• **WHAT TO WORK ON**: The output should match, line for line, the records from the line containing "Femme portant une" through the line containing "138 Jayhawk, Irvine, CA", with every picture left out.

• **RECORDS SHOWN**:
────────────────────
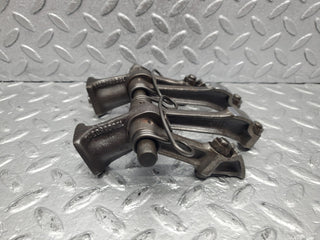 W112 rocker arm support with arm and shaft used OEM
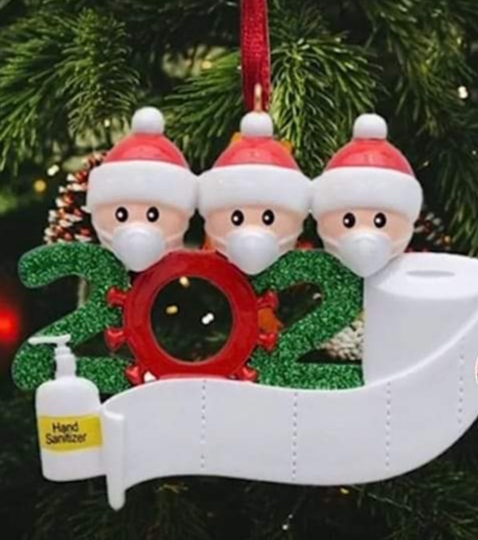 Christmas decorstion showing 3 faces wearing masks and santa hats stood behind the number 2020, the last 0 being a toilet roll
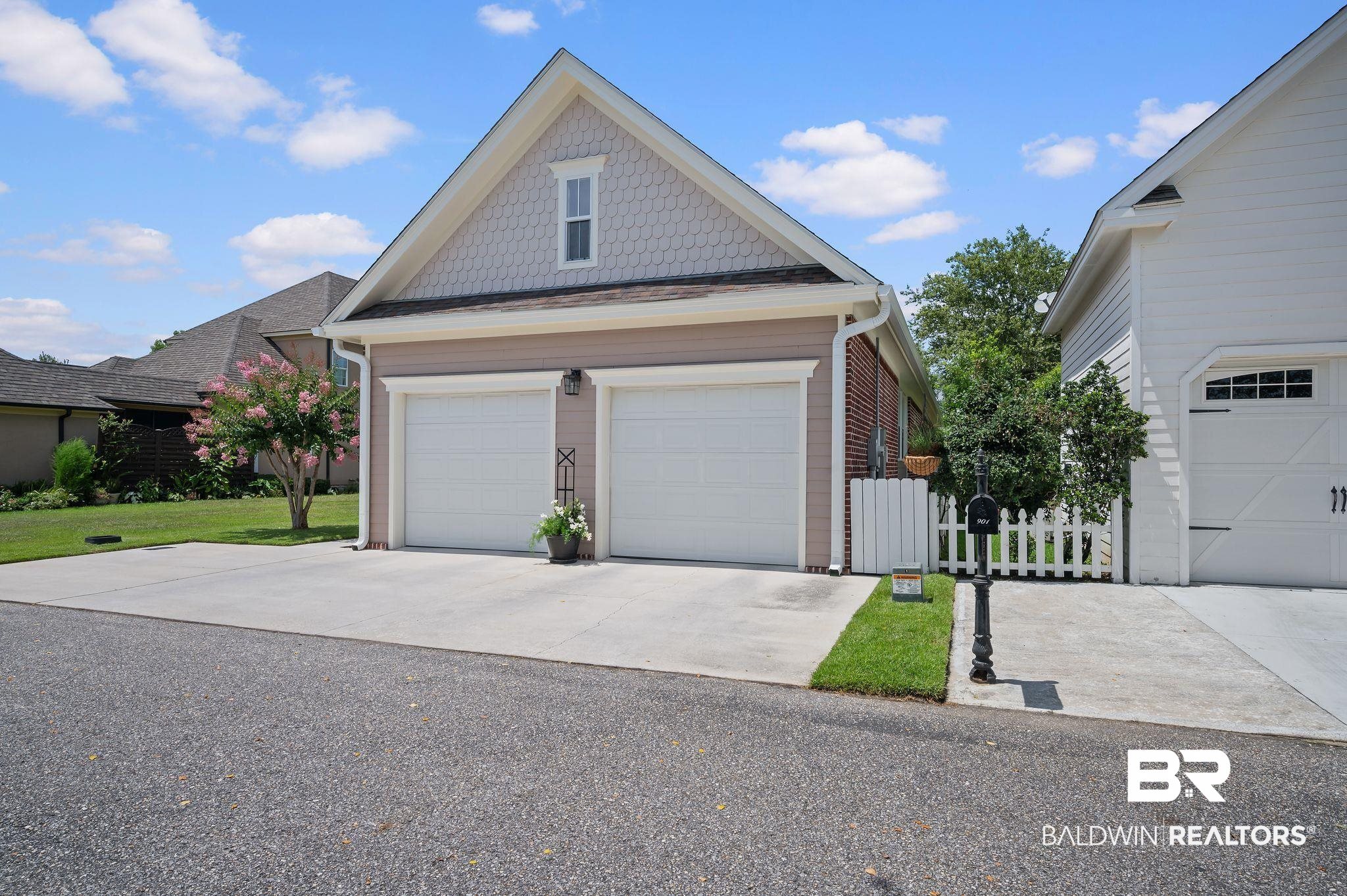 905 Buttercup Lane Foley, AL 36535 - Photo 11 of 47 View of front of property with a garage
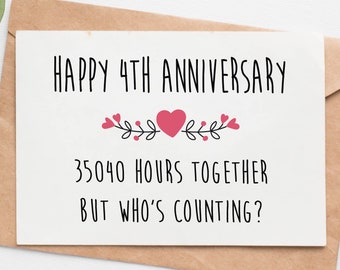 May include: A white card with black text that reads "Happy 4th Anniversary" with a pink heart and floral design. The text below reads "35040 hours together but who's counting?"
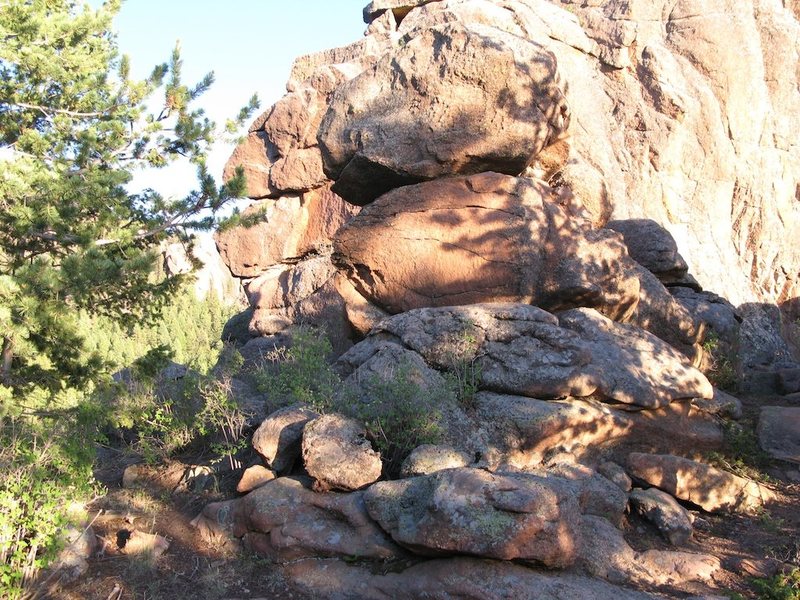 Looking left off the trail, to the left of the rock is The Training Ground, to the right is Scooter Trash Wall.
────────────────────
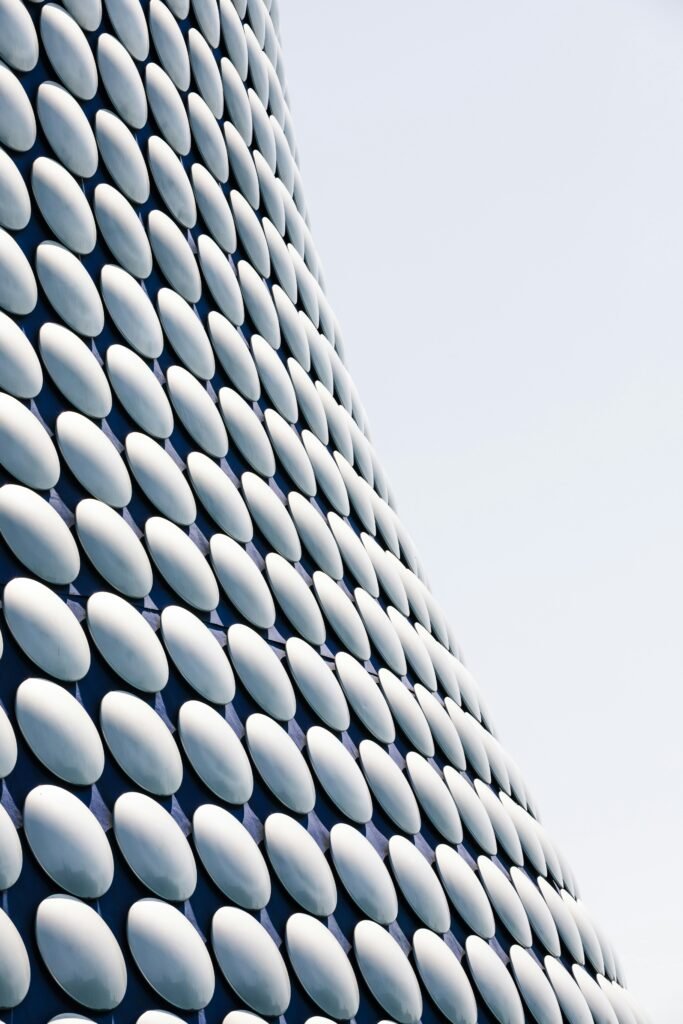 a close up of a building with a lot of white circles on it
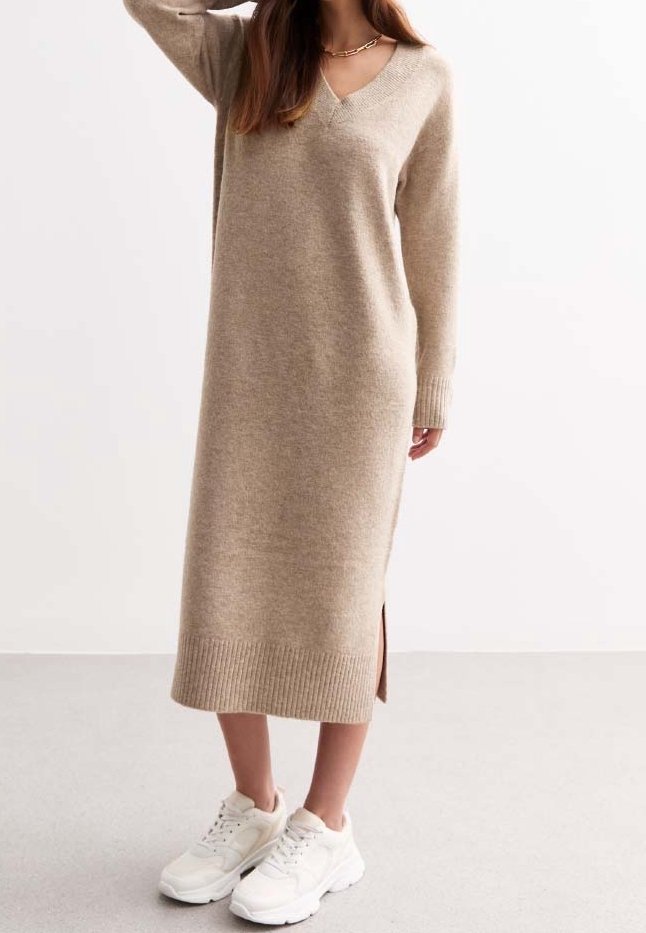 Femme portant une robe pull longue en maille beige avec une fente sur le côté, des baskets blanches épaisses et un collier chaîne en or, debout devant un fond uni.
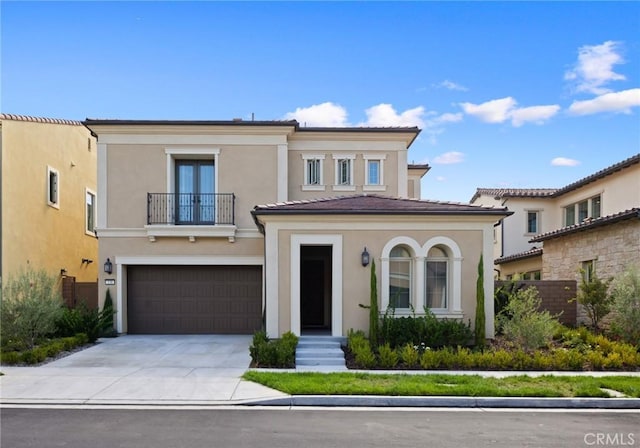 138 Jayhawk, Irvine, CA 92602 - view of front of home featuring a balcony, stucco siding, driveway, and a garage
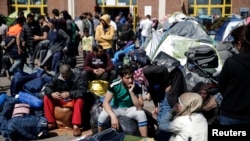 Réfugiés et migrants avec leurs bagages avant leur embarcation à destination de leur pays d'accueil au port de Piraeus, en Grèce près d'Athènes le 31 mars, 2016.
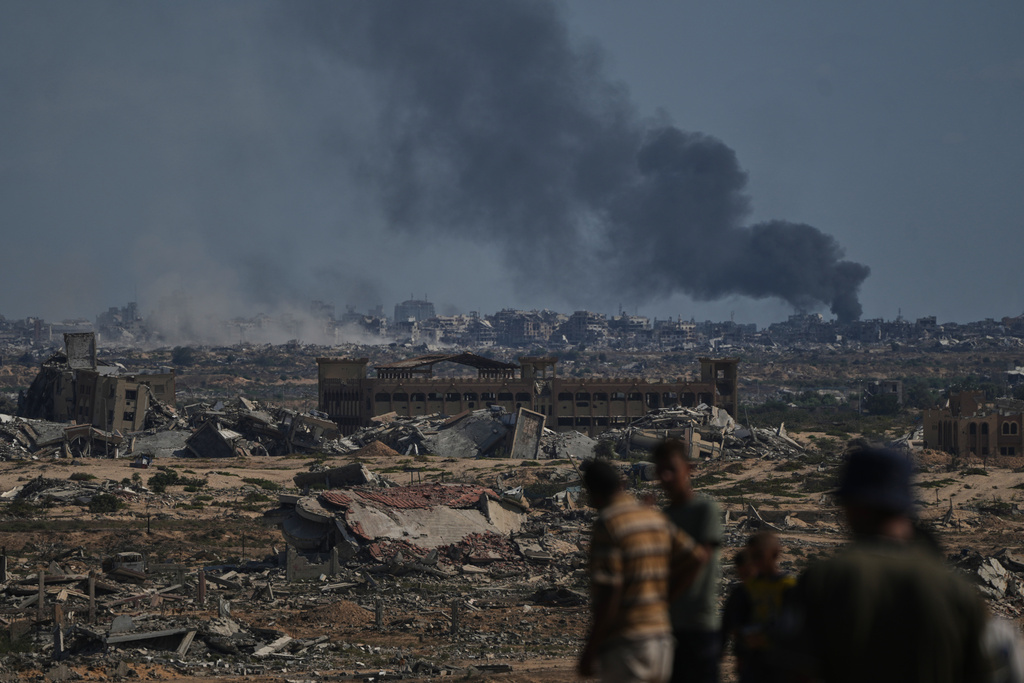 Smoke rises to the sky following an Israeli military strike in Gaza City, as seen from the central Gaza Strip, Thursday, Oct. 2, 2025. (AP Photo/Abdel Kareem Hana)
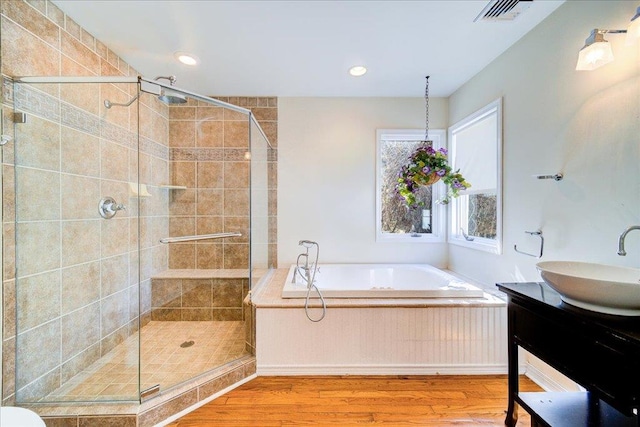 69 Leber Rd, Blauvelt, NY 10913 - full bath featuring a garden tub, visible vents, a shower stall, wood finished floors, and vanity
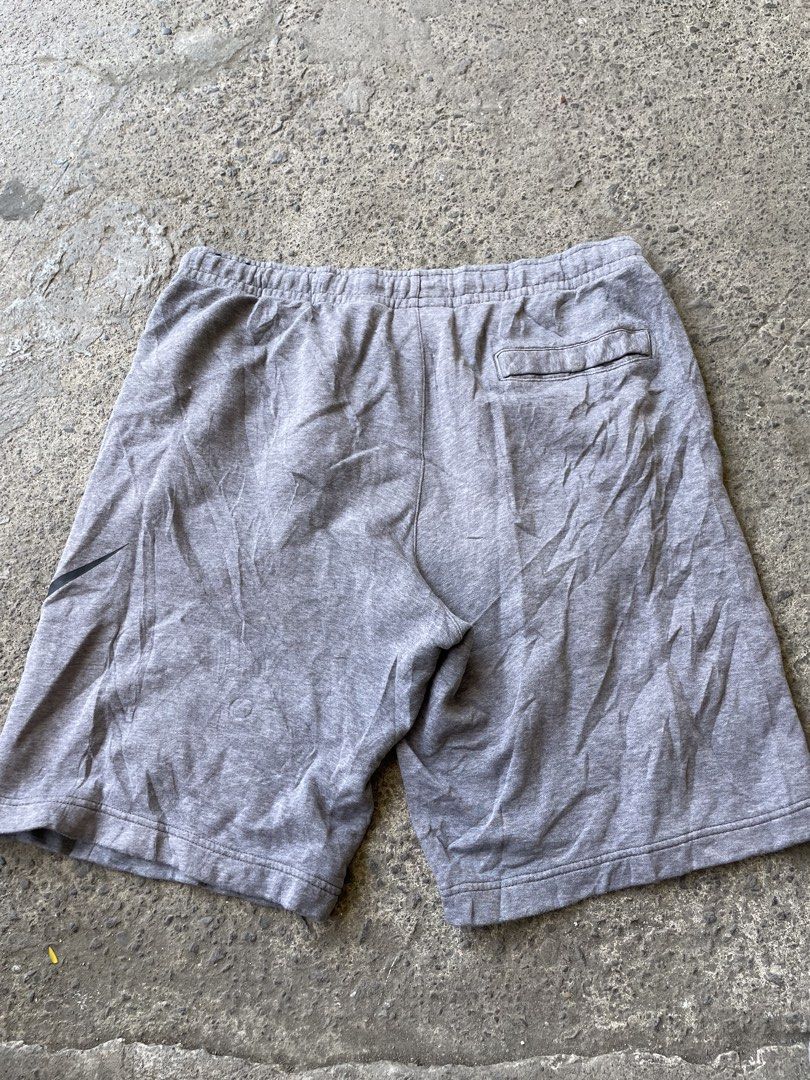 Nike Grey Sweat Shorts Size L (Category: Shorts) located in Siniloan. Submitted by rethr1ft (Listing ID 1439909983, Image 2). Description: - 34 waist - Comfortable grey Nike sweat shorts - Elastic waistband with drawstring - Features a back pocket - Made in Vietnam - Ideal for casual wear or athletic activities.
────────────────────
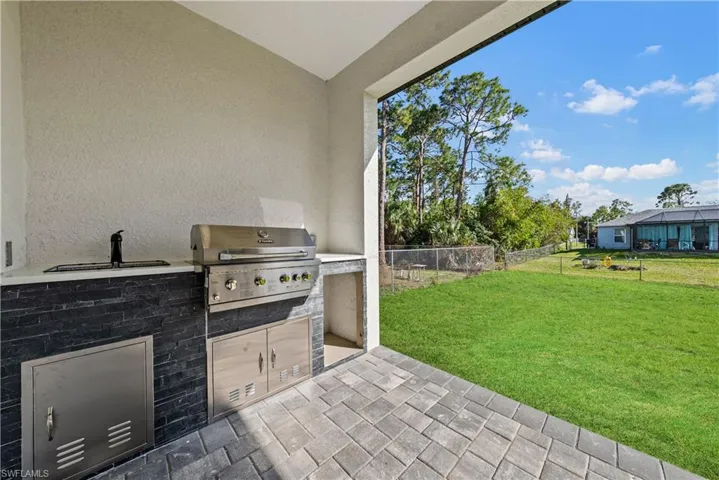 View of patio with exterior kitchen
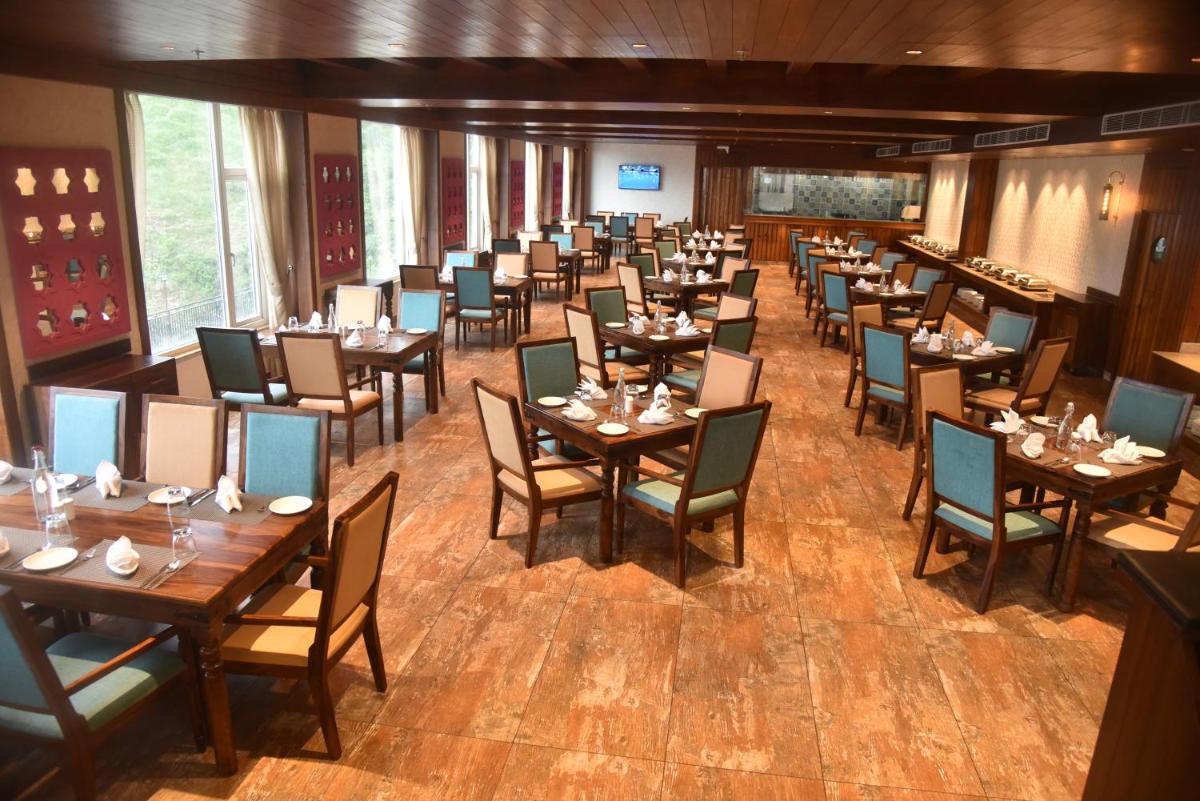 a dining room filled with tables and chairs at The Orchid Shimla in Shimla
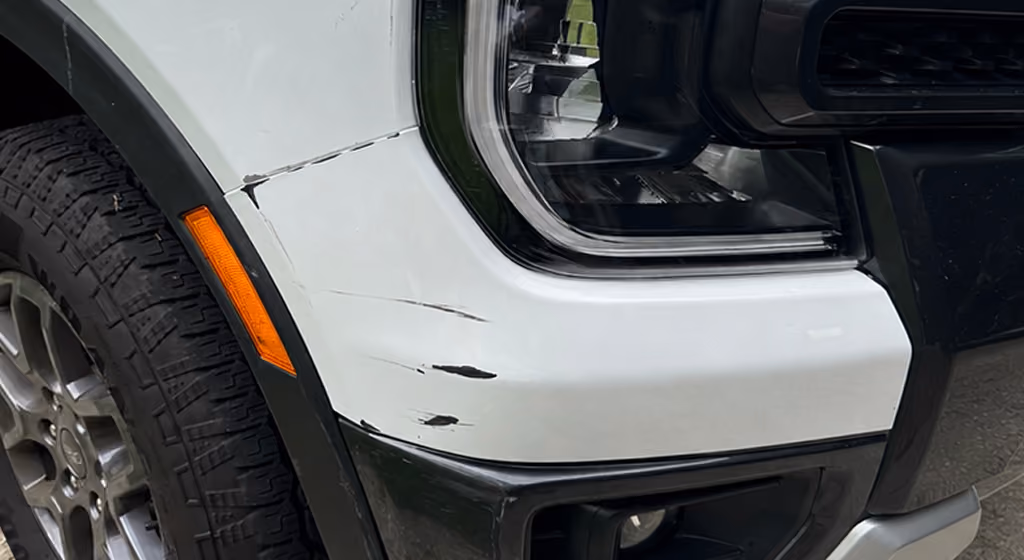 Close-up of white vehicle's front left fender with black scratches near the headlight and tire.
────────────────────
• **OUTPUT**:
 Femme portant une robe pull longue en maille beige avec une fente sur le côté, des baskets blanches épaisses et un collier chaîne en or, debout devant un fond uni.
 138 Jayhawk, Irvine, CA 92602 - view of front of home featuring a balcony, stucco siding, driveway, and a garage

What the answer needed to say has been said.